What you should do: Look for the line with "Used 2021 Jeep" in the entries below, then extract that line and all lines after it exactly, with pictures left out.

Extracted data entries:

------------------------------------

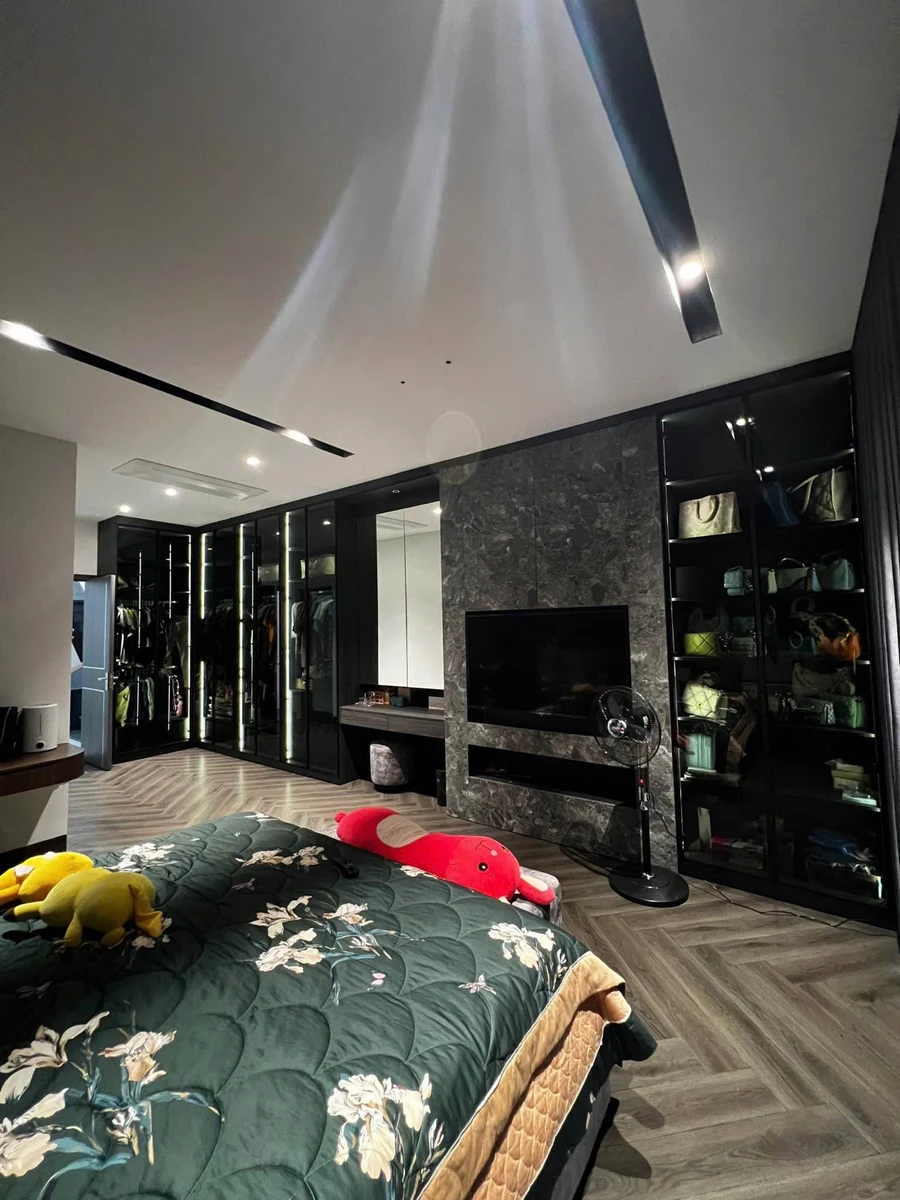 Bán nhà 3 tầng mặt tiền 100m² Bùi Thiện Ngộ, Đà Nẵng 7.5 tỷ - Ảnh thu nhỏ 2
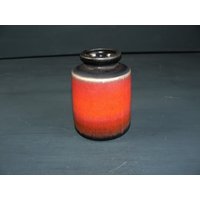 Vintage Tischvase Keramik Lavaglasur Rot Schwarz 70S Table Vase Wgp von SunriseVintageDE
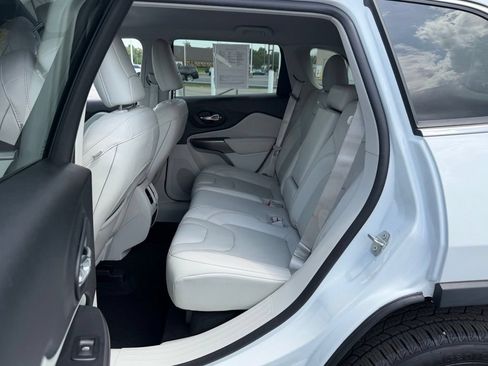 Used 2021 Jeep Cherokee Latitude Lux AWD/4WD image 20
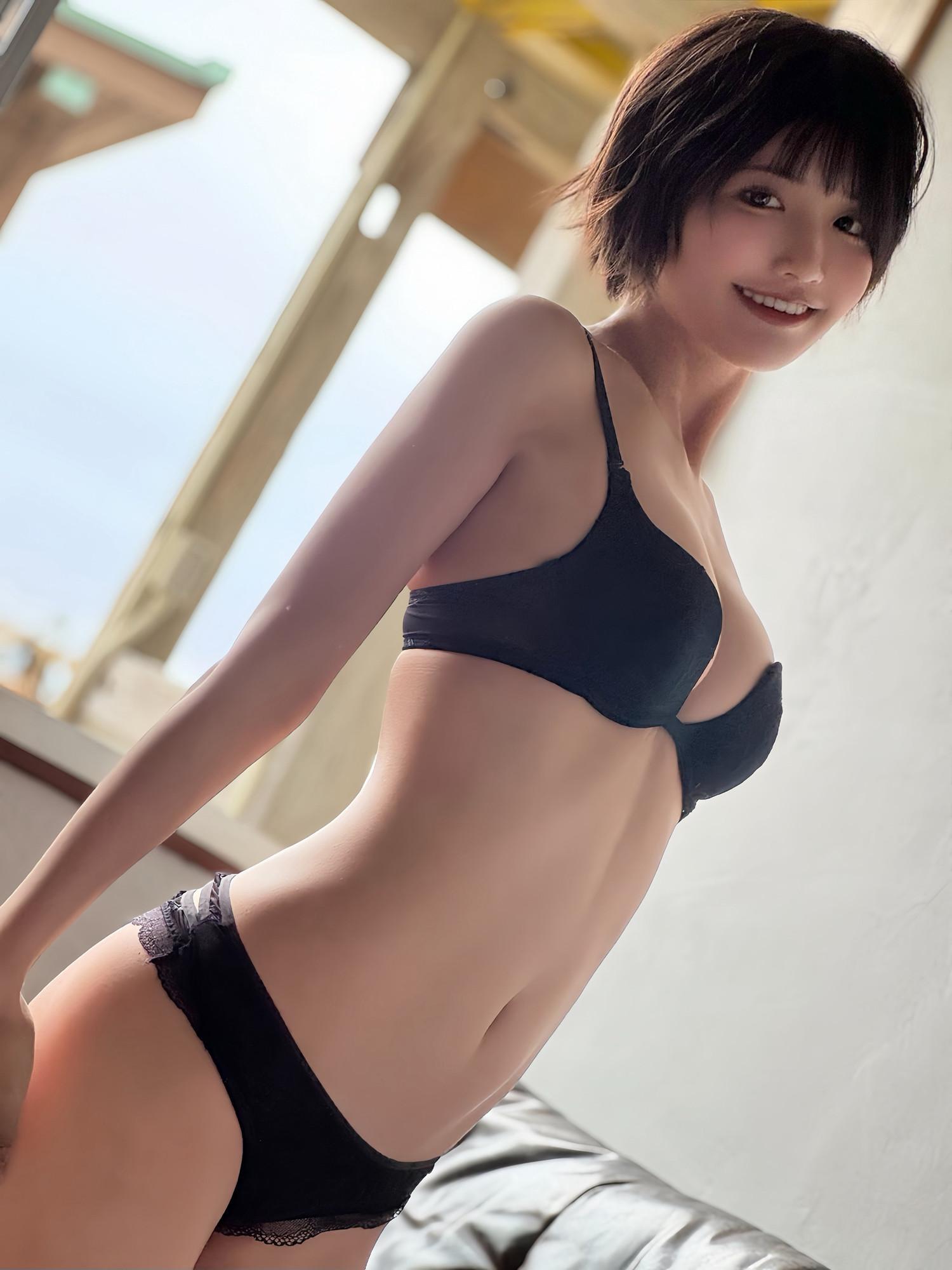 Ami Minami 南あみ, Young Jump 2025 No.32 (ヤングジャンプ 2025年32号)(14)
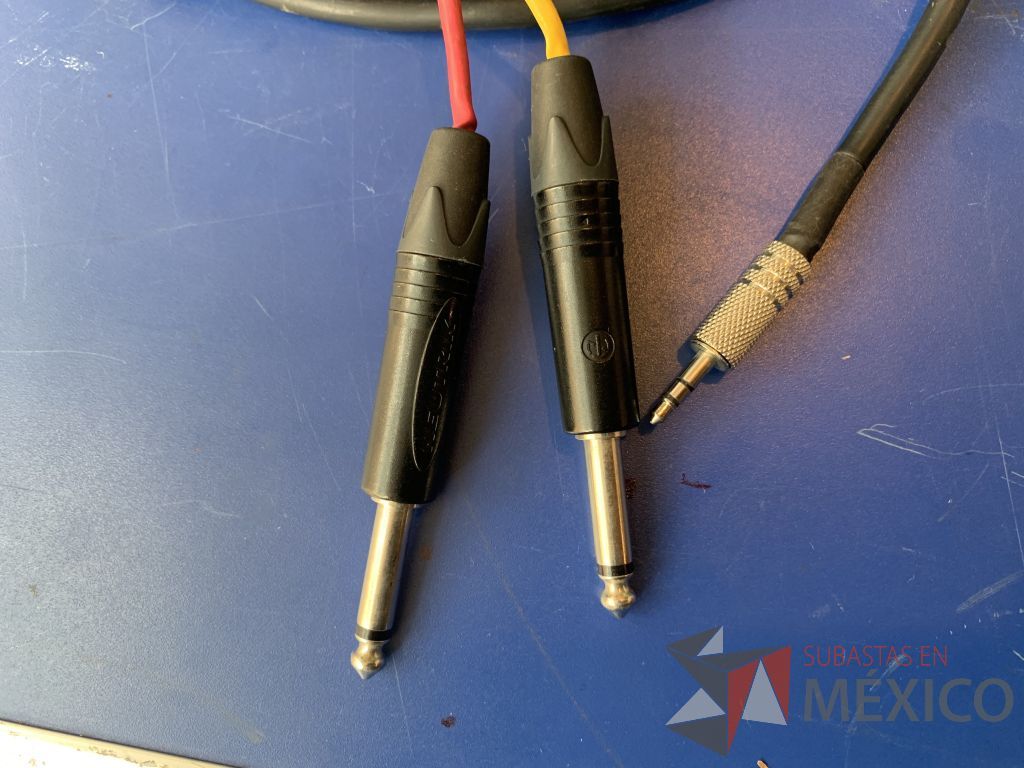 Lote 112 - 44 cables plug y miniplug a varias terminales y varias medidas - Imagen 2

------------------------------------

Solution to this task:
 Used 2021 Jeep Cherokee Latitude Lux AWD/4WD image 20
 Ami Minami 南あみ, Young Jump 2025 No.32 (ヤングジャンプ 2025年32号)(14)
 Lote 112 - 44 cables plug y miniplug a varias terminales y varias medidas - Imagen 2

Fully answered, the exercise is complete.